21 Democratic Lawmakers Urge Court to Keep CFPB’s Single-Director Structure

21 Democratic Lawmakers Urge Court to Keep CFPB’s Single-Director Structure
November 30, 2016 Marketing GrafWebCUSO

A group of 21 current and former Democratic lawmakers, including U.S. Sen. Elizabeth Warren and the House and Senate minority leaders, are backing the Consumer Financial Protection Bureau as it fights a court ruling that said the agency’s single-director structure is unconstitutional.

The Democrats, represented by Elizabeth Wydra of the Constitutional Accountability Center, want the full U.S. Court of Appeals for the D.C. Circuit to overturn a panel ruling that struck down the CFPB’s leadership design. In a proposed friend-of-the court brief filed late Tuesday, the Democrats urged the court to restore the agency’s structure.

Writing for the D.C. Circuit panel, Judge Brett Kavanaugh in October lambasted the “massive, unchecked power” afforded to the CFPB director. The agency’s leader, Kavanaugh wrote, “enjoys more unilateral authority than any other officer in any of the three branches of the U.S. government, other than the president.” The appeals court said the president must have the power to fire the CFPB director at will, rather than only for “inefficiency, neglect of duty, or malfeasance in office.”

The Democratic lawmakers contend the D.C. Circuit panel decision was driven more by a policy preference for bipartisan commissions—such as the U.S. Securities and Exchange Commission and the Federal Trade Commission—than any sound adherence to the law.

“The panel improperly elevated that policy judgment—one properly made by Congress—into a holding of constitutional law. That was plainly wrong, and consideration by the en banc court is thus warranted,” Wydra wrote in the brief.

When Congress created the CFPB as part of the Dodd-Frank financial reforms, Wydra wrote, lawmakers specifically shunned a commission structure that “could meaningfully hamper the CFPB’s effectiveness.”

The D.C. Circuit did not ask for and has not formally accepted the amicus brief from the Democratic lawmakers or any other groups, including one filed Tuesday from Americans for Financial Reform and the National Consumer Law Center.

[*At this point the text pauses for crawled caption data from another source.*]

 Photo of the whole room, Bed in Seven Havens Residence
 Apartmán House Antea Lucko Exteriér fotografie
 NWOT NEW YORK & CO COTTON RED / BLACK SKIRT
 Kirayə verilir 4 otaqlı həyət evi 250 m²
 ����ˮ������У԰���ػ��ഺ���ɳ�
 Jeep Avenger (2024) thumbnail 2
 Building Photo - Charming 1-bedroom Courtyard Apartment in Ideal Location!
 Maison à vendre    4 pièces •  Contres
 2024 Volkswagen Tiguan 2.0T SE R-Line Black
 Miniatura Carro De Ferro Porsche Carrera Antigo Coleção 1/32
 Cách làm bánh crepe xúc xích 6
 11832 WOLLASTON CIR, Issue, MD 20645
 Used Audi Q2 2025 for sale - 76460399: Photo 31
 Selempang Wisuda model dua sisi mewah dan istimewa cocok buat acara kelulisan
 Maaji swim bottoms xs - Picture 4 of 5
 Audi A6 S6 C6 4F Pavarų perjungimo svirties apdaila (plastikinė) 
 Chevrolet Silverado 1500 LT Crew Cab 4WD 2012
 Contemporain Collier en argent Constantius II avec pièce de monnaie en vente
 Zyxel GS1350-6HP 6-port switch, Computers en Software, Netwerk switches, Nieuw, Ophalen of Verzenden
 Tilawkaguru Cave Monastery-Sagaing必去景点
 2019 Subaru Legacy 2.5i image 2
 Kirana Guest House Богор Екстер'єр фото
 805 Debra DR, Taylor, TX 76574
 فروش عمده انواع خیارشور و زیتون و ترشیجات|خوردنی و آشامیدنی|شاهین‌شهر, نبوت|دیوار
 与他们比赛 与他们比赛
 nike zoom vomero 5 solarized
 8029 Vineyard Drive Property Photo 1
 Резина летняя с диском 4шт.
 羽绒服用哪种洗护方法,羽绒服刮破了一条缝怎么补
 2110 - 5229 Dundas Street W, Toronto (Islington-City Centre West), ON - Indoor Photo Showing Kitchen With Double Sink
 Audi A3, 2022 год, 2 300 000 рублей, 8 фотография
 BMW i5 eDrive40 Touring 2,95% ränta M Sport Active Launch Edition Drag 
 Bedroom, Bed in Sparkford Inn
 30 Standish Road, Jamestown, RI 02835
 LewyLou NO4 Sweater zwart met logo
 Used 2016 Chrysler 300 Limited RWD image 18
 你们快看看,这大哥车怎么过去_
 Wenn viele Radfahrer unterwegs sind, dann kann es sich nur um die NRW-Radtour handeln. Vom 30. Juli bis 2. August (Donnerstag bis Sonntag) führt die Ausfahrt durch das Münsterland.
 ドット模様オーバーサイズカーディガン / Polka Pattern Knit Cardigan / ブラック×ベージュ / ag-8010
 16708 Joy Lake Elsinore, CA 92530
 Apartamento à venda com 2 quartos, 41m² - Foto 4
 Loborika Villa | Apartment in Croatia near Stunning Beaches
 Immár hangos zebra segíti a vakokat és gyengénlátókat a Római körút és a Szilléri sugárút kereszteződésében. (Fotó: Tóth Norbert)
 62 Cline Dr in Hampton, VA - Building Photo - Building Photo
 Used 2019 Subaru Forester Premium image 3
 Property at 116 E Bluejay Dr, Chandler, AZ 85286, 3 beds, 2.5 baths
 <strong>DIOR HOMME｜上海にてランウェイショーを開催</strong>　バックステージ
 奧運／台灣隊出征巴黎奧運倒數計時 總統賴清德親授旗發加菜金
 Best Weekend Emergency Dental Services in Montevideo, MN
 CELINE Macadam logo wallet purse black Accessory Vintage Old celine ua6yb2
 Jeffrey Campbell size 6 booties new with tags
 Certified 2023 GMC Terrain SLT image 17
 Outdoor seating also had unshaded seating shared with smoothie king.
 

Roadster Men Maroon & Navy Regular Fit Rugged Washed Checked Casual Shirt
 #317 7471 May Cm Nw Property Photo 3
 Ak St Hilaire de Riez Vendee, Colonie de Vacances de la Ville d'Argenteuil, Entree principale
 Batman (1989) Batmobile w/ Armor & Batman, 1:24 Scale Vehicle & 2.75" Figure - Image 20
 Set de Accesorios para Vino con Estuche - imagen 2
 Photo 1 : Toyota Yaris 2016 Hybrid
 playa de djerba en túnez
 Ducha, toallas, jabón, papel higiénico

Attorneys for PHH Corp., the mortgage company that successfully challenged the CFPB structure, said the D.C. Circuit, if the court allows the amicus submissions, should expect to receive filings from members of Congress who opposed the creation of the consumer agency. Gibson, Dunn & Crutcher’s Theodore Olson is lead counsel for PHH.

The Democratic lawmakers on the brief—including Senate Minority Leader Harry Reid of Nevada, House Minority Leader Nancy Pelosi of California and U.S. Sen. Sherrod Brown, D-Ohio, the ranking member of the Senate banking committee—were involved in drafting Dodd-Frank, a law that President-elect Donald Trump has said he wants to dismantle.

The proposed brief Tuesday from 10 nonprofit organizations—including Americans for Financial Reform and the National Consumer Law Center—raised questions about how the panel’s decision would affect Trump’s treatment of the CFPB upon taking office Jan. 20.

Some observers contend Trump would need to show cause to remove the CFPB’s director, Richard Cordray, while the agency’s appeal is pending. Others have argued Trump could immediately fire Cordray if, as president, he takes the position that the CFPB’s structure is unconstitutional. Either move could force Cordray to fight, in a new lawsuit, for his job.

“Because the decision comes on the eve of a presidential transition, it will also sow uncertainty about whether the new administration may replace the leadership of the CFPB and other single-director agencies, and possibly even uncertainty over who will control this litigation,” the organizations’ lawyers, including Deepak Gupta and Matthew Wessler of Washington’s Gupta Wessler, wrote.

The CFPB has defended itself in the case up to this point. The D.C. Circuit last week invited the U.S. Justice Department’s solicitor general’s office to file a brief expressing the views of the federal government.